5. For entrepreneurs the guarantee term is 1 year from the delivery of the goods. In relation to used objects the guarantee term is 1 year from the delivery of the goods for all customers. This does not apply if the customer has not notified us timely of the defect (cf. Clause 3.).

6. As a rule our product description only is agreed regarding the quality of the goods, unless a specified product description has been contractually agreed. Our public statements, praises or advertisements are no contractual description regarding the good's quality.

7. The customer does not receive quality guarantees with legal effect. The manufacturer's guarantees remain unaffected hereby.

VII. Limitations of liability

1. We do not assume any liability for slightly negligent breaches of insignificant contractual duties.

2. The above limitations of liability do not affect the customer's claims from the product liability.
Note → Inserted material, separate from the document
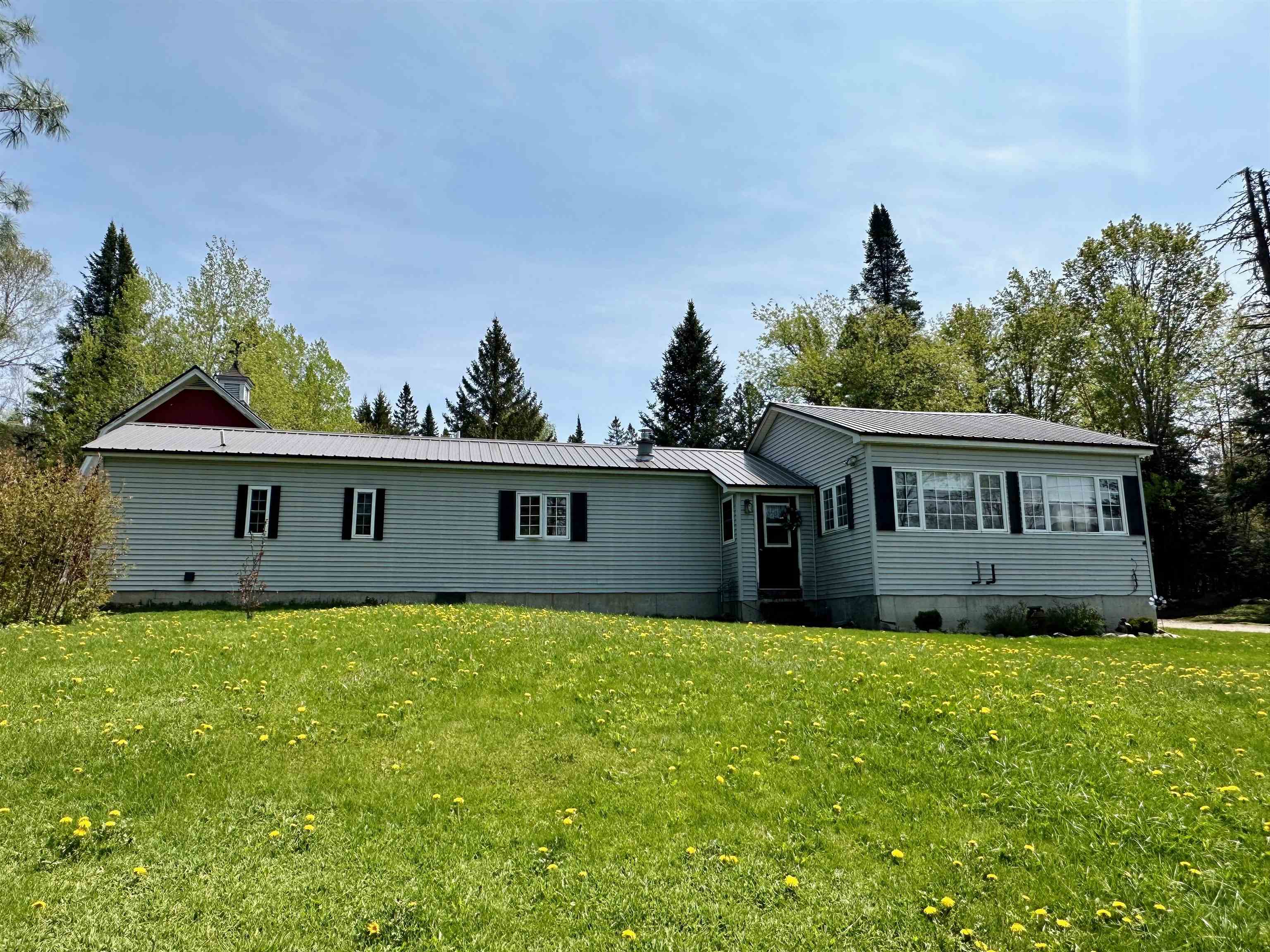 198 Piper Hill Road Colebrook, NH 03576 - Photo 30 of 39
Furthermore, the limitations of liability do not apply for injuries to body or health or to loss of life, which we are responsible for.
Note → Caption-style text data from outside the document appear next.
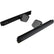 SeaDog Kayak Recreational Angled Footbrace wRudder Control 747650B1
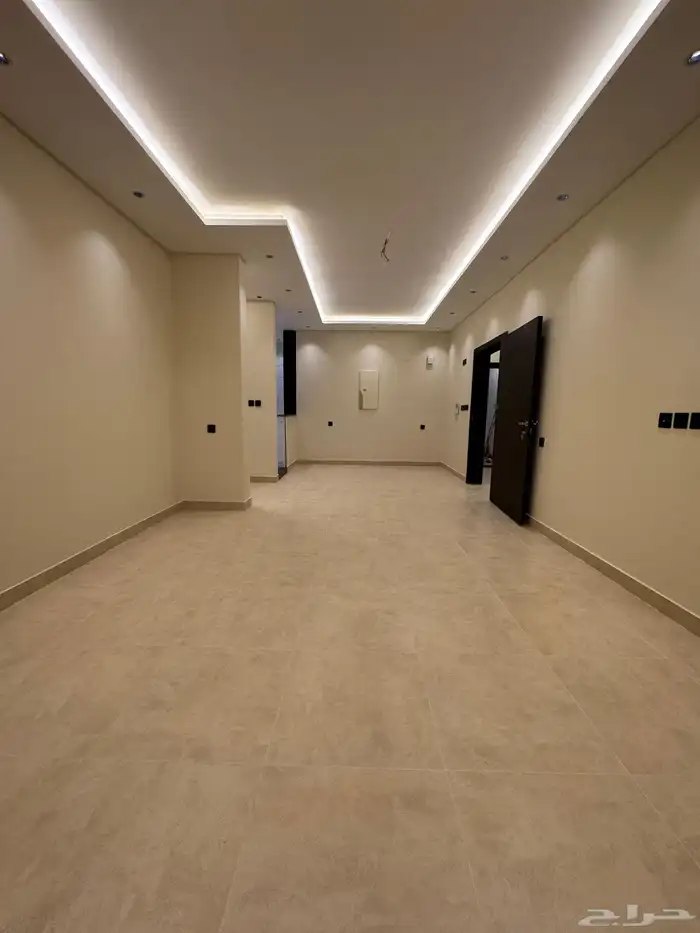 شقه للايجار جديده 4 غرف المطبخ راكب حي الياقوت ابحر الشماليه 3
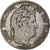 Moneda, Francia, Louis-Philippe, 5 Francs, 1834, Bordeaux, BC+, Plata, KM:749.7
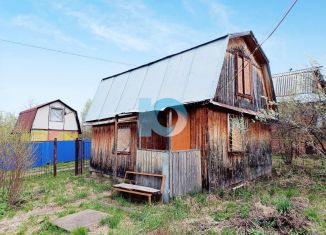 Продажа дачи, 40 м2, Республика Башкортостан, СНТ Финансист, 19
3. The above limitations of liability also apply to slightly negligent breaches of duties on the part of our legal representatives or vicarious agents.

4. The customer's claims for damages due to a defect come under the statute of limitations after 1 year from the delivery of the goods. This does not apply if we may be accused of malice.

VIII. Payments

1. Our invoices are payable strictly net within 30 days after receipt. Any early payment discounts or other payment terms require a separate agreement.

2. We are entitled to demand adequate advance or partial payments if this corresponds to the contract processing and if the delivery we owe is partable.

IX. Default in payments

1. For payments after maturity interest for delay will be calculated to the amount of 8 percentage points above the respective ECB base interest rate.

2. Before the payment of payable amounts invoiced including the interest rates we are not obliged to further deliveries from current agreements.

3. If the customer is in arrears with a payment due or if significant deteriorations occur regarding his pecuniary circumstances we can demand cash payments for all outstanding deliveries before delivering the goods.

X. Applicable law

The Law of the Federal Republic of Germany applies exclusively. The regulations of the CISG (United Nations Convention on Contracts for the International Sale of Goods) do not apply.

XI. Protection provisions

We produce the technical and graphical installations required for the manufacture of the goods and charge the customer pro rata. This does not result in property rights and claims in favour of the customer. Without our permission our drafts and samples may not be reproduced, drawn or copied in any other way, distributed or used commercially without our consent. We exclusively reserve all exploitations rights. If for the production of the goods the customer supplies any personal templates or production regulations the relevant copyrights remains with him. If third parties assert claims due to any breaches of copyrights the customer exclusively is obliged and entitled to defend such covetous claims.

XII. Place of fulfilment

The place of fulfilment for both contractual parties is Wiehl.

XIII. Place of jurisdiction

The exclusive place of jurisdiction for all disputes from this contract is our business location. This also applies if the customer does not have a general place of jurisdiction in Germany or if his places of residence or habitual residence are not known at the time of the commencement of proceedings.

XIX. Final provisions

Should individual provisions of this contract or the above General Terms and Conditions be or become legally invalid in full or in parts, the validity of the remaining contractual provisions shall remain unaffected thereby. The fully or partially legally invalid provision shall be replaced with a provision, which achieves or nearly achieves the economic success of the legally invalid provision. Alternatively, the Law applies.